Mr. Speaker, the Peterborough Petes played their first game in the Ontario Hockey League in November 1956. Next year they will celebrate their 50th year in Canadian Major Junior Hockey. This is the oldest continuous franchise in the Canadian Hockey League.

The Petes have sent more players to the NHL than any other CHL team. They include: Bob Gainey, Steve Larmer, Cory Stillman, Mike Ricci and Steve Yzerman, all of whom won Stanley Cups.

Petes coaches who won Stanley Cups include: Scotty Bowman, Mike Keenan and Dick Todd. Another, the late Roger Neilson, had a huge impact on hockey around the world.

The Petes are known across Canada and overseas as a club which provides its players with an opportunity to grow as athletes, students and responsible citizens. Petes players have been nurtured over the years by Peterborough families, high schools, the college and the university. They are part of our community and we are proud of them.

Congratulations and thanks to the Petes for 50 wonderful years. Have a great season this year. Go, Petes, go.

Alberta Scene
Statements By Members

1:55 p.m.


Charlie Penson Peace River, AB

Mr. Speaker, this spring Alberta is celebrating its centennial year as a province of Canada. The National Arts Centre is marking the occasion with the Alberta Scene, a 13 day showcase of Alberta culture ranging from country, jazz, hip hop, opera, punk rock, and featuring over 600 artists from my home province. It is going to be a party.

I probably should not pick favourites, but I will nonetheless highlight two acts from my constituency with unabashed hometown pride. Carolyn Dawn Johnson was born in Grande Prairie and is a gifted pianist. She is a country singer who has worked with some of the biggest names in the industry.

The hard-working six member band, Emerson Drive, is also from the Peace River country. In fact, they took their name from the Emerson Trail, the highway that runs past my farm near the Grande Prairie area. They were Billboard's number one top country artist in 2002 and toured with Shania Twain.

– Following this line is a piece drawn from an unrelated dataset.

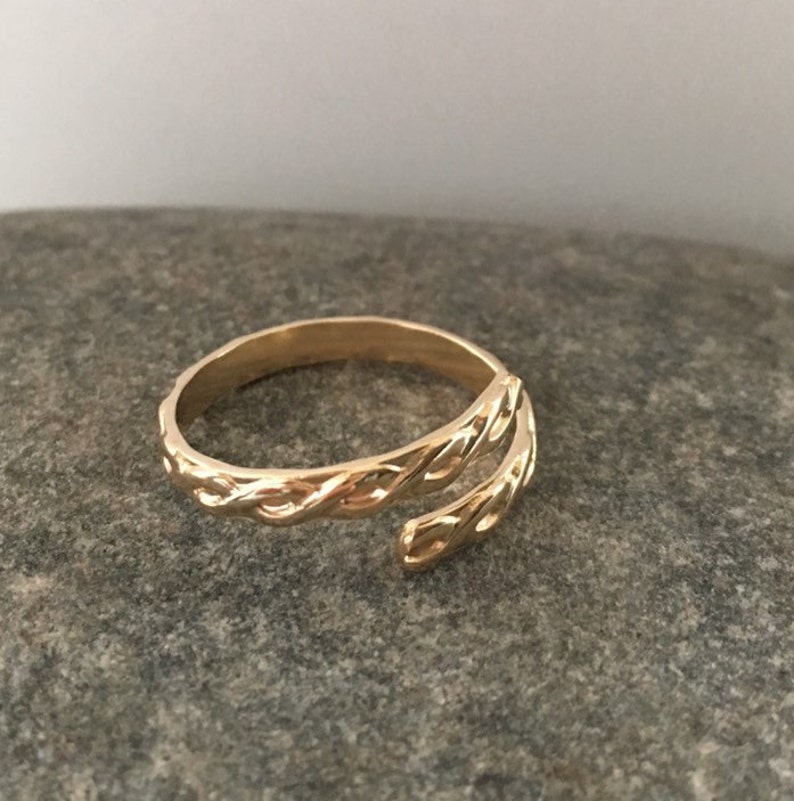 Gold Braided Ring Thumb Ring Overlap Wrap Ring Adjustable Ring Etsy UK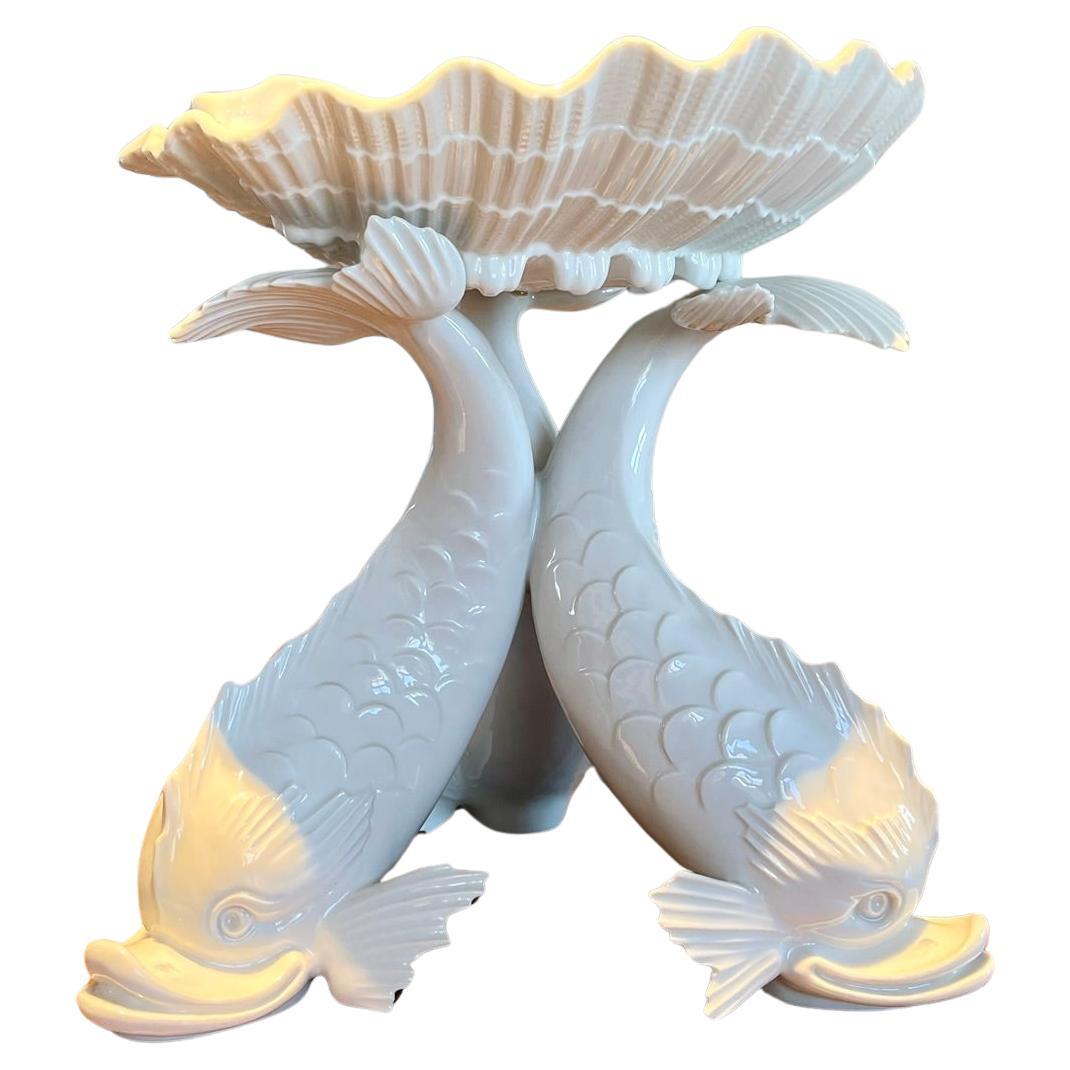 Table centerpiece – dolphins with shell, ivory porcelain For Sale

Both are performing on May 9 at the National Arts Centre.

Spelling Bee of Canada
Statements By Members

2 p.m.


Marc Godbout Ottawa—Orléans, ON

Mr. Speaker, I wish to draw to the attention of the House the accomplishment of some youngsters from Ottawa: Alok Deshpande, Pavitra Ramachandran, Amuj Dewan, Anirudh Agarwal, Christine Leung and Amirthan Sothivannan.

These children, age 6 to 16, have placed in the regional spelling bee and are going to represent Ottawa in the Spelling Bee of Canada's provincial championship that will be presented on TVOntario.

Spelling Bee of Canada is a volunteer organization that has hosted these bees for the past 17 years. The motivation is to instill within each child the love of the language, and the power of the spoken and written word.

Many of the participants are new Canadians drawn together from all walks of life. Past participants have gone on to great success and credit their experience with Spelling Bee of Canada for giving them their first taste of success and accomplishment.

One of the children is here today, Pavitra Ramachandran. I would like to take this moment to wish her luck and to remind her to have fun.

Statements By Members

2 p.m.


Richard Marceau Charlesbourg, QC

Mr. Speaker, at sundown this Saturday, celebrations for Passover, Pessach in Hebrew, will begin. In Quebec, in Canada and throughout the world, millions of Jews will be sitting down together for the first two Passover Seders.

With these Seders, our Jewish fellow citizens commemorate the flight of the Israelites out of Egypt, led by Moses, to escape slavery and oppression. In the Seder, the elders transmit the story of this dark yet glorious episode in the history of the tribe of Abraham to the younger generations, in order to preserve spiritual memory.

These Seders are, therefore, at the very core of the transmission of Jewish identity, and ensure its continuity because, according to tradition, children play a key role in that continuity.

I encourage my colleagues to take part in these celebrations as a tangible expression of their openness and to offer their best wishes to their Jewish constituents.

To all our Jewish fellow citizens, Hag Sameach .

Statements By Members

2 p.m.


Deepak Obhrai Calgary East, AB

Mr. Speaker, one year ago this week Canadians were blessed with a visit by His Holiness, the Dalai Lama. Just two weeks ago I had the distinct honour of representing the Canadian Parliamentary Friends of Tibet during a visit to Dharamsala in India, the seat of the Tibetan government in exile. There I met with Tibetan leaders and discussed many issues of mutual interest.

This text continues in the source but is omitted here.